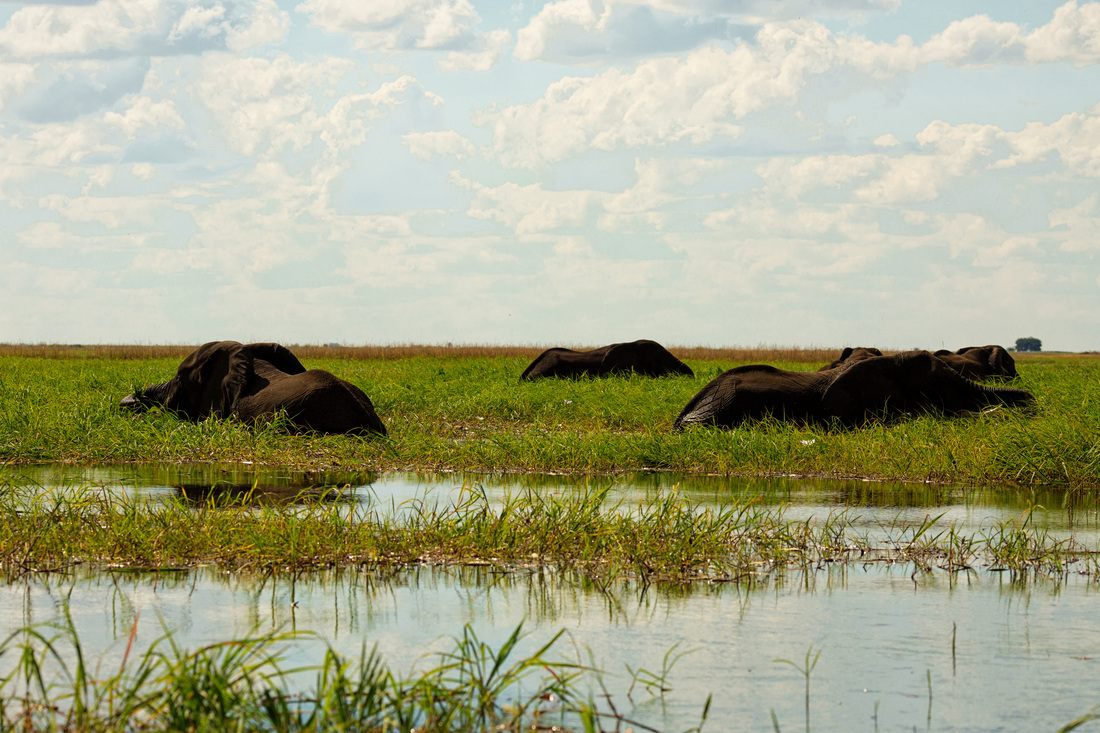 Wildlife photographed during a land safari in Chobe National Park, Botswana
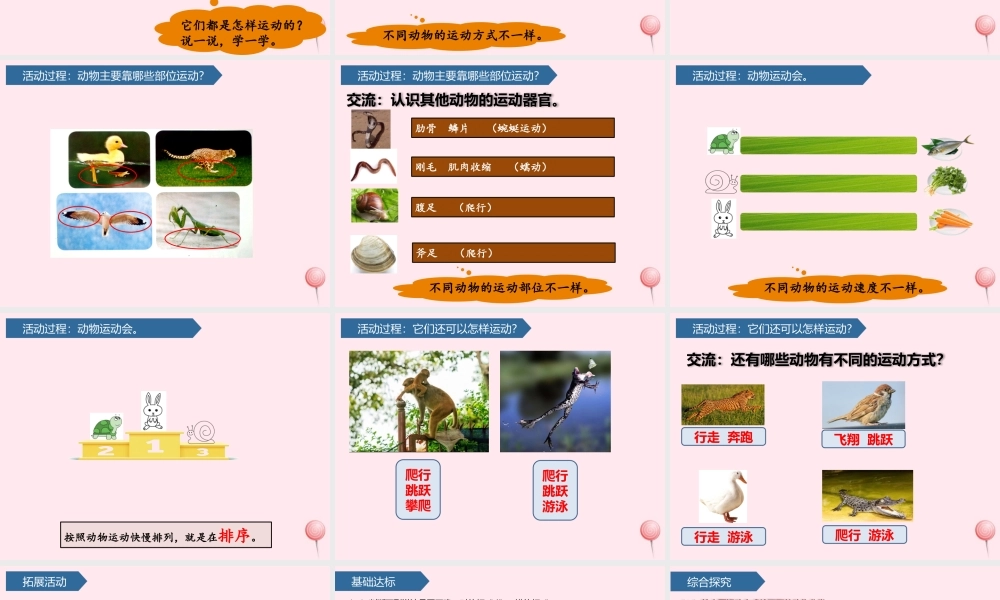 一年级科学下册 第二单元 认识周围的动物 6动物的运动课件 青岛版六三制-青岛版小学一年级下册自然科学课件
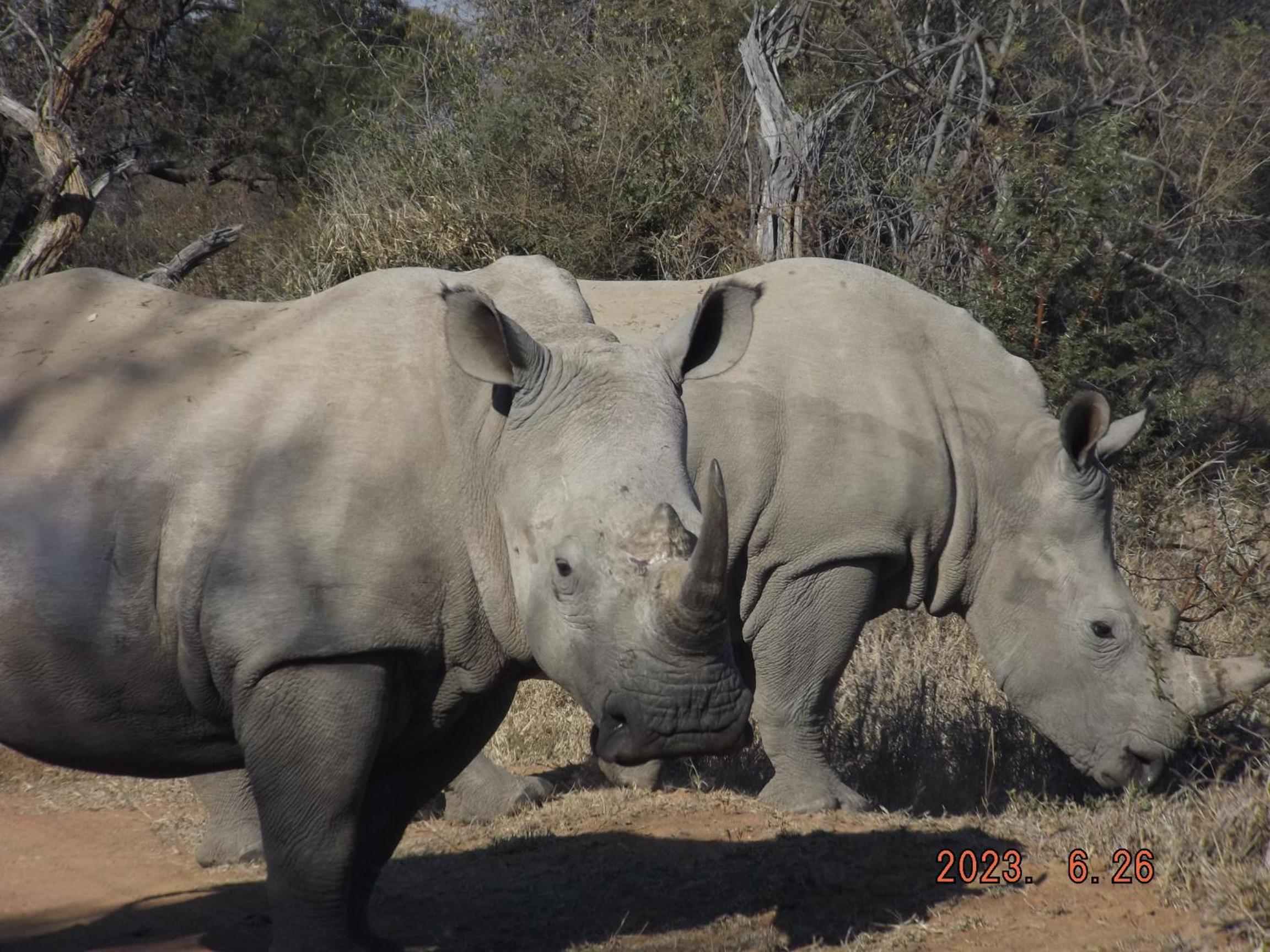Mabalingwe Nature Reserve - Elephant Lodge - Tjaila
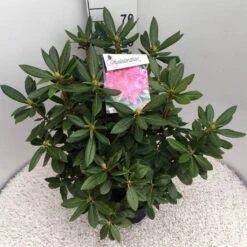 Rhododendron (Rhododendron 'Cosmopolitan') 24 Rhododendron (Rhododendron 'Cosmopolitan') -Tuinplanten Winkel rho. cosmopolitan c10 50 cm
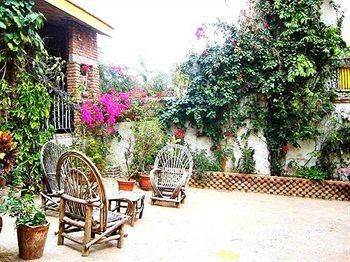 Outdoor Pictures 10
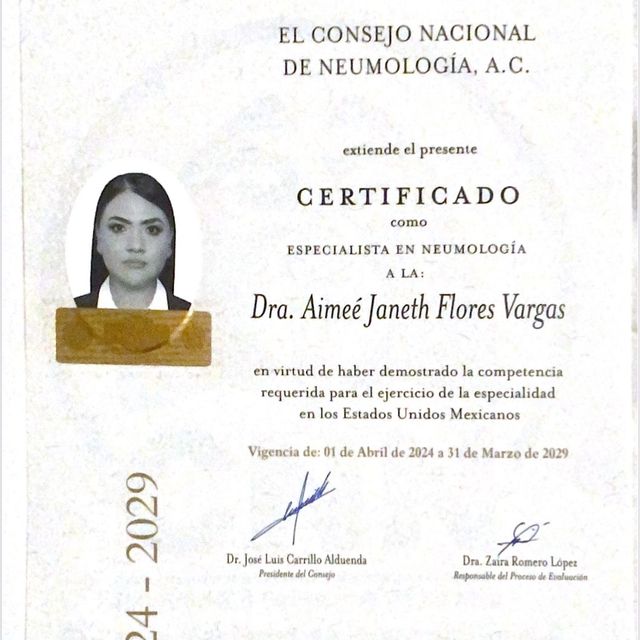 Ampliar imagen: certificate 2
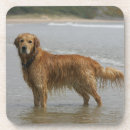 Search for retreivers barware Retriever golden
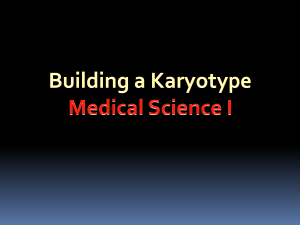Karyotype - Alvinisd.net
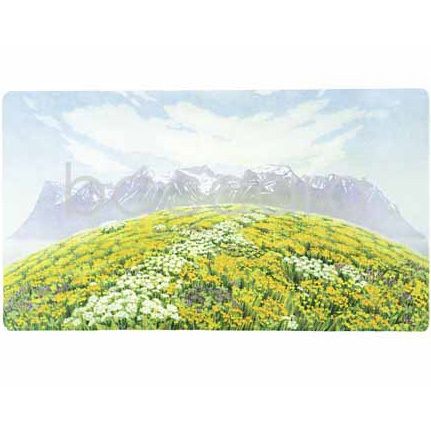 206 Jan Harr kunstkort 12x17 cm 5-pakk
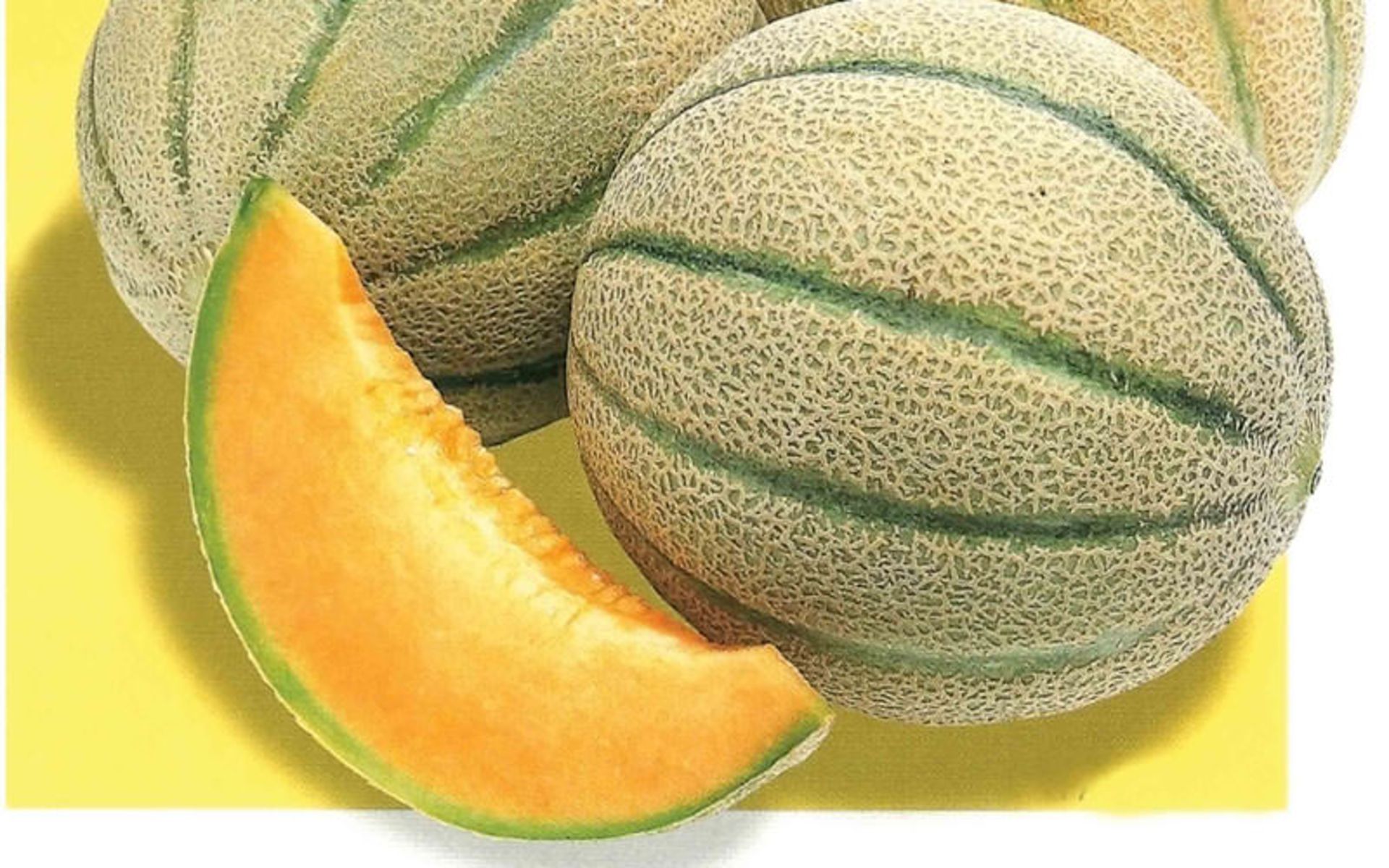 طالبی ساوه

---------------

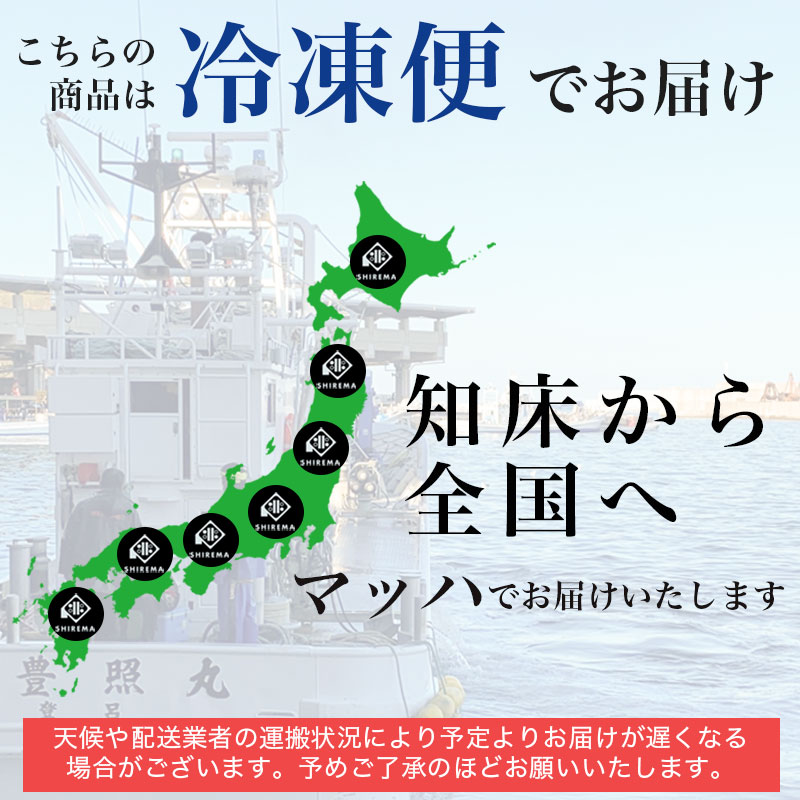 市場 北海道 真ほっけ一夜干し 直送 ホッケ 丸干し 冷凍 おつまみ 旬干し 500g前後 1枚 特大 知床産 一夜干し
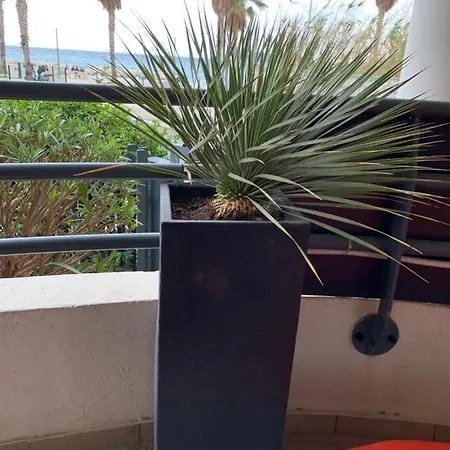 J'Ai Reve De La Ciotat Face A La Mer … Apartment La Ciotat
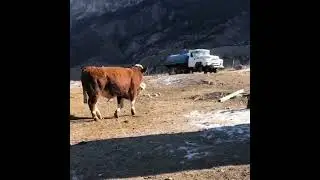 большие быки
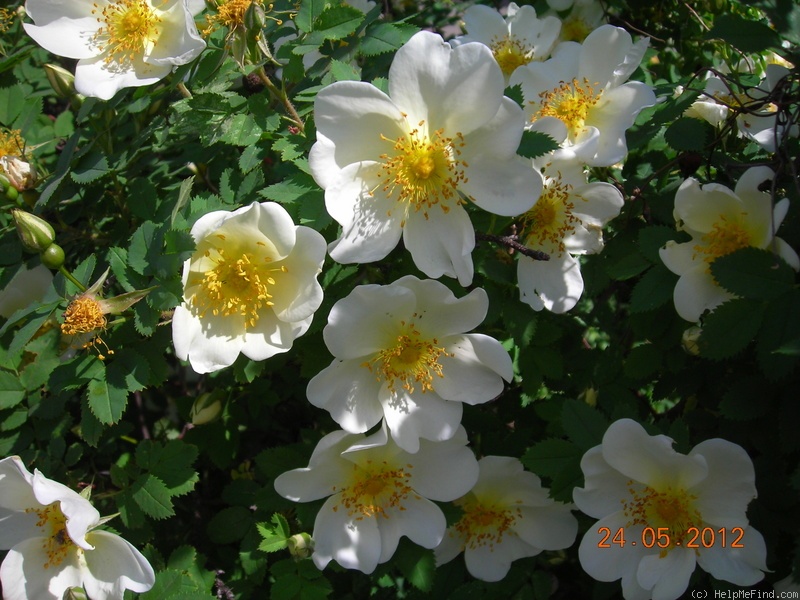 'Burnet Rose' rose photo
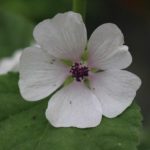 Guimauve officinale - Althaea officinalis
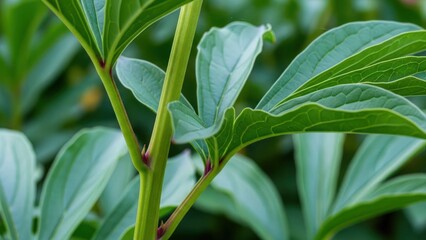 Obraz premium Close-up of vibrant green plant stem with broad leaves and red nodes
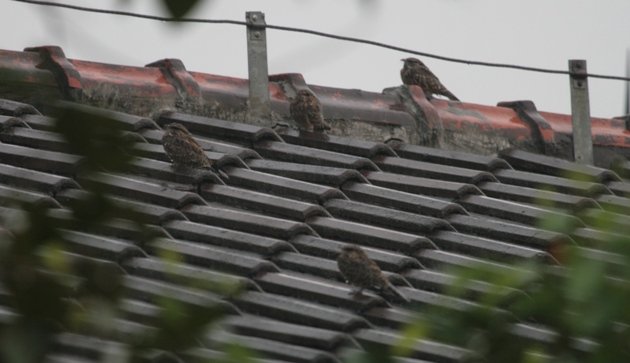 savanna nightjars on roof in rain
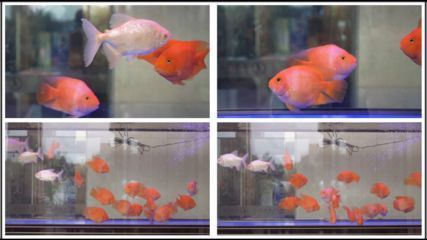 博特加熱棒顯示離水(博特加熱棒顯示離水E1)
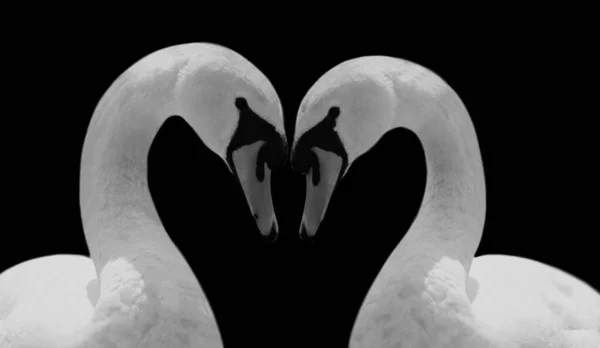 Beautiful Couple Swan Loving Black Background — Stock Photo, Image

---------------

◆ Aim of the task ◆
Find the line with "Obraz premium Close-up" in the entries above. Set down exactly every line from it up to and including the line with "Beautiful Couple Swan", images excluded.

◆ Written answer ◆
 Obraz premium Close-up of vibrant green plant stem with broad leaves and red nodes
 savanna nightjars on roof in rain
 博特加熱棒顯示離水(博特加熱棒顯示離水E1)
 Beautiful Couple Swan Loving Black Background — Stock Photo, Image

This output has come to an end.